• **About this exercise**
Print the listing below word for word, but drop any pictures it contains.

• **Dataset extract**
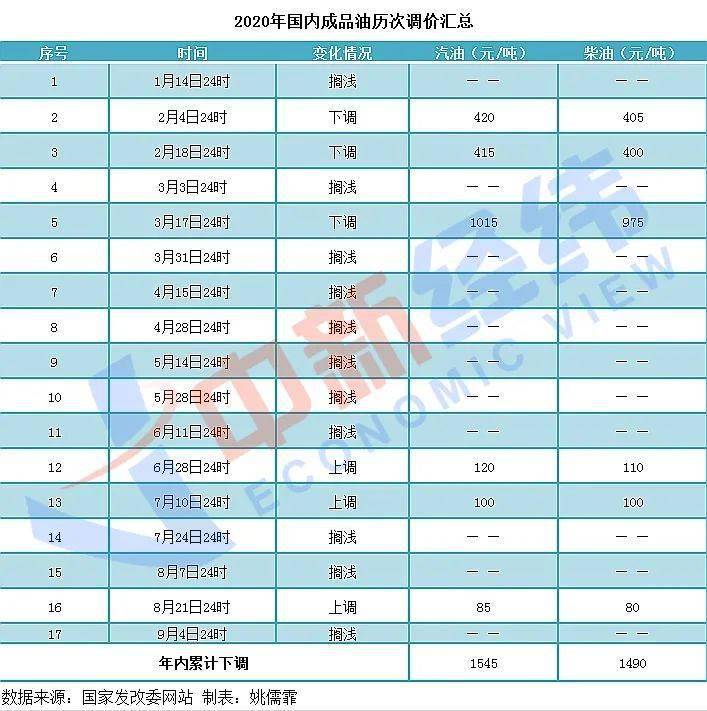 2024年新澳门今晚开奖结果2024年,纯正解答解释落实_修正版8.037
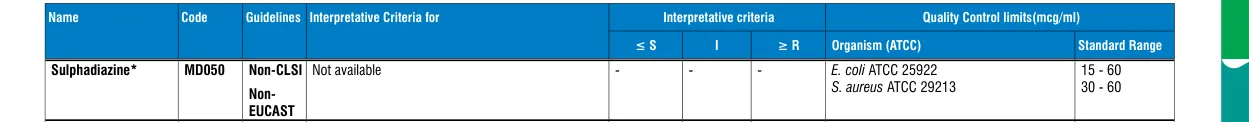 MD050-1PK in the MIC interpretative chart, printed page 351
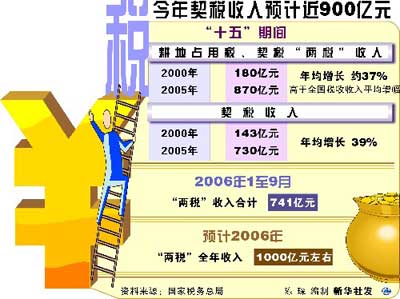 财政收入_杭州市地方财政收入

• **Finished exercise**
 2024年新澳门今晚开奖结果2024年,纯正解答解释落实_修正版8.037
 MD050-1PK in the MIC interpretative chart, printed page 351
 财政收入_杭州市地方财政收入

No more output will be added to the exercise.